Bastou uma palavra apressada de Sakura para Naruto soltar o Sasuke. Então eles partiram, sem mais cerimônias. Não demorou muito tempo para Naruto sentir-se novamente sozinho, assim como se sentia quando era criança.
.o0o.
Já era noite quando a dupla saiu de Konoha, e madrugada quando sentiram seus corpos chegando ao limite do cansaso. Faltava metade do caminho para chegarem a costa, onde pegariam um barco sentido o País da Água. Sakura foi a primeira a ceder, embora Sasuke estivesse igualmente exausto. Decidiram ficar num pequeno vilarejo ainda dos limites do País do Fogo.
Não havia hospedaria com quartos separados. Era uma vila turística pelas montanhas e águas termais, só havia chalés para casais por um preço caríssimo, de modo que Sasuke e Sakura foram obrigados a dividir o lugarzinho por algumas horas. A pequena casinha não tinha divisão de cômodos, com exceção do banheiro. A cozinha ficava a esquerda; a sala no meio, logo na entrada; e a cama a direta, encostada na parede. Ambos detestaram a planta do lugar, mas não estavam podendo escolher ou se queixar.
Penduraram as bolsas nos ganchos fixados na parede ao lado da porta, Sasuke fez a vistoria ao redor do chalé enquanto Sakura revistou tudo dentro. Assim que ele entrou, trancou a porta e esperou Sakura dizer algo, contudo ela sentou-se no tapete, perto da lareira, e começou a tirar os sapatos.
— Vai tomar banho?
— Não, pode ir — respondeu seu olhá-lo, deixando a sandália úmida próxima ao fogo para secar.

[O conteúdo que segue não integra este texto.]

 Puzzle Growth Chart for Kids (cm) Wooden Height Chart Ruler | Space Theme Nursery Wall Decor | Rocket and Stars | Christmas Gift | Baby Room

Sasuke entrou no banheiro, contudo não abriu o chuveiro, trocou a roupa ninja por um moletom e voltou para a cozinha-sala-quarto. Sakura o olhou estranho, mas não disse nada. Já tinha mudado de roupa, ficando apenas com a blusa de segunda pele e um short justo. Sasuke fez o possível para não reparar demais na transparência da blusa.

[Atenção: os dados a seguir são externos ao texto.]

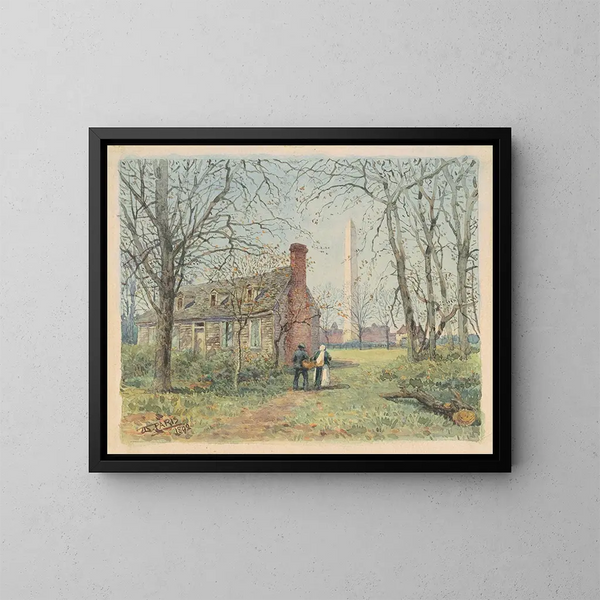 Il cottage di David Burns e il monumento di Washington - Walter Paris — quadro incorniciato alla parete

— Quer comer algo? — Sasuke negou com a cabeça — Eu também não — levantou-se — Teremos que dormir juntos — Sasuke no mesmo instante virou-se para observá-la caminhar até a cama.
— Durmo aqui mesmo — referiu-se ao sofá.
Sakura apoiou as mãos na cintura e o fitou com tédio.

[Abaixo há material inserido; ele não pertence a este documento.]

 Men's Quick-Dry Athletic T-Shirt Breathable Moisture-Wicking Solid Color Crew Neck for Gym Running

— Já passamos dessa fase, Sasuke.
— Prefiro ficar aqui.
— Esse sofá é desconfortável, eu experimentei enquanto se trocava. Se quer descansar, é melhor engolir o orgulho Uchiha e dividir a cama comigo — Sasuke ponderou, a fitando desconfiado — Não se preocupe, não tenho interesse nenhum em você, só quero que descanse para adiantarmos a viagem amanhã.
Sasuke cedeu afinal, caminhando até a cama um tanto encabulado. Sakura rapidamente pulou para o canto, se afogando embaixo dos cobertores, o olhando de maneira desafiadora, como se fosse uma prova para ele deitar-se ao seu lado. E de fato era, afinal, aquela situação era bem distinta de todas as vezes que dormiram juntos na casa dela ou em missões.
O lado oposto da cama afundou, e Sakura sorriu satisfeita. O Uchiha se remexeu um pouco, buscando a posição certa, e esforçando-se para que nenhuma parte dos seus corpos se tocassem. Ficou de costas para a garota que caiu no sono rapidamente, enquanto ele permaneceu acordado por alguns minutos, analisando a sensação que mexia com seus sentidos cada vez que a respiração quente e ritmada de Sakura espalhava por suas costas. Era uma sensação gostosa, e ele dormiu pensando nisso.